Can you imagine a world where you need to show your passport to move between Luxembourg and its neighbours? A world where your online order from a business in France requires you to pay import duties? A world where overseas travellers need multiple visas to complete their Eurotrip? This is a world without Schengen.
The Schengen agreement celebrates 40 years in 2025. On 14 June 1985, heads of State from France, Germany, Luxembourg, Belgium and the Netherlands boarded the riverboat “MS Princesse Marie Astrid” on the Moselle River in the small town of Schengen along Luxembourg’s picturesque waistrooss (wine route) to sign an agreement which would eventually become an important pillar of the modern European Union. The agreement paved the way for borderless travel for people and goods within the Schengen area, which extends today to 29 countries, including most countries of the European Union (with the exception of Ireland and Cyprus) as well as Iceland, Norway, Lichtenstein and Switzerland.
Three law professors and members of the Jean Monnet Centre of Excellence Robert Schuman Initiative for European Affairs (RSI) at the University of Luxembourg took the time to reflect on the evolution of the Schengen agreement over its forty years, as well as present-day challenges to the ideals it embodies.

A tool to strengthen trust and cooperation
Professor Eleftheria Neframi, who specialises in European Union Law with research interests in institutional and procedural European law and the EU external relations, acknowledges how the Schengen area, which now includes countries that are not part of the European Union, is focused mainly on freedom and security, and not economic considerations. Prof Neframi touches upon the necessity, over time, for the development of common policies among the members to deal with controls at external borders.
As an example, Prof. Neframi cites the Schengen information system, a well-developed system of administrative cooperation to secure external borders which has had the positive effect of also encouraging strategic alignments between member states in the field of administrative law. The common visa policy, as well as the migration and asylum policy are also striking examples of harmonised rules stemming from political and geographical realities of the Schengen Area.
Prof. Luca Ratti, Associate Professor of European and Comparative law highlights how the Schengen Area, as an enabler for the free movement of people, has created communities of crossborder workers. This has been especially important for the economic growth of Luxembourg, with almost half of its workforce (47% – STATEC 2024) comprising non-resident workers.
Protecting the spirit of Schengen
Prof. Neframi reminds us that Schengen does not mean the absolute abolition of internal border controls without taking the interests of the Member States and their reserved competence in the field of security and public order into account. However, the reintroduction of border controls is an exceptional derogating measure. Prof. Neframi acknowledges that defining the limits of the Member States’ discretion and deciding how to enforce these limits remains challenging. The national courts have a role to play in assessing the compatibility of national measures with EU law obligations, says Prof. Neframi, putting forth the suggestion of horizontal cooperation between national judges. Furthermore, exceptional national measures must not be used as grounds for derogating from the protection of fundamental rights.
Prof. Katerina Pantazatou, Associate Professor in Tax Law and Director of the RSI warns against use and abuse of the provisions for reintroduction of border controls by individual States.

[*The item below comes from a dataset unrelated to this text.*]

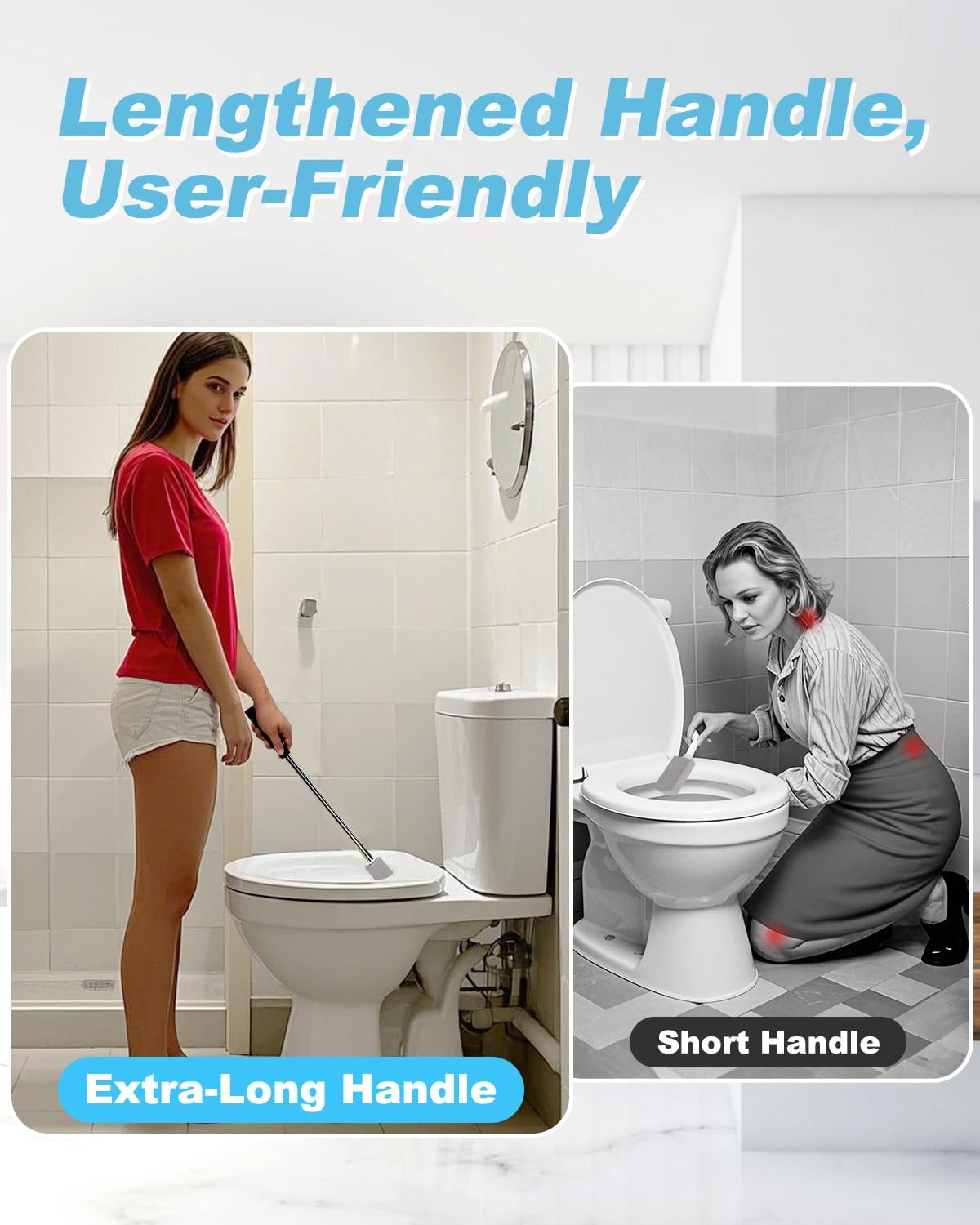 6 Pack Pumice Stone Toilet Bowl Cleaner with Long Stainless Handle - 22" Longer Pumice Stone for Cleaning - Hard Water Ring Stains Remover Brush for Toilet, Bathroom, Kitchen, Sink, Pool, Tile, Grill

With more and more countries citing national security as a reason to reintroduce controls, Prof. Pantazatou emphasizes that there are more suitable legal instruments available for this purpose. Normalising exceptional or extraordinary circumstances in order to apply internal border controls undermines the very essence of the Schengen agreement, says Prof. Pantazatou. To her mind, the values of trust and cooperation on which the agreement is built are too important to throw away under the pretext of national security.
All professors acknowledge the challenges and tests that the Schengen area has faced in the past 40 years. Prof. Ratti uses the COVID-19 crisis as an example of a test to the rights of workers in the Schengen area. Citing the Court of Justice of the EU Grand Chamber decision of 5 December 2023, Prof. Ratti explains that the ban on non-essential travel outside of Belgium was upheld, therefore setting a legal precedent for the restriction of freedom of movement in extraordinary circumstances. In this context, Prof. Pantazatou cautions against a backslide, stating that instead of imposing more controls, we should be reinforcing free movement, cooperation and trust among the Schengen States.
The future of the Schengen area
The Schengen area is in constant evolution. Members join, and in the post-Brexit case of the Republic of Ireland, members leave. After 40 years, we’ve seen how borderless travel creates communities, develops economies and changes demography; we have also witnessed tests to the resilience of Schengen in the form of mass migration and global pandemic. What will the Schengen area look like in the next 40 years? It will certainly depend on the balance we strike now between the interests of countries and the interests of the Schengen area as a whole.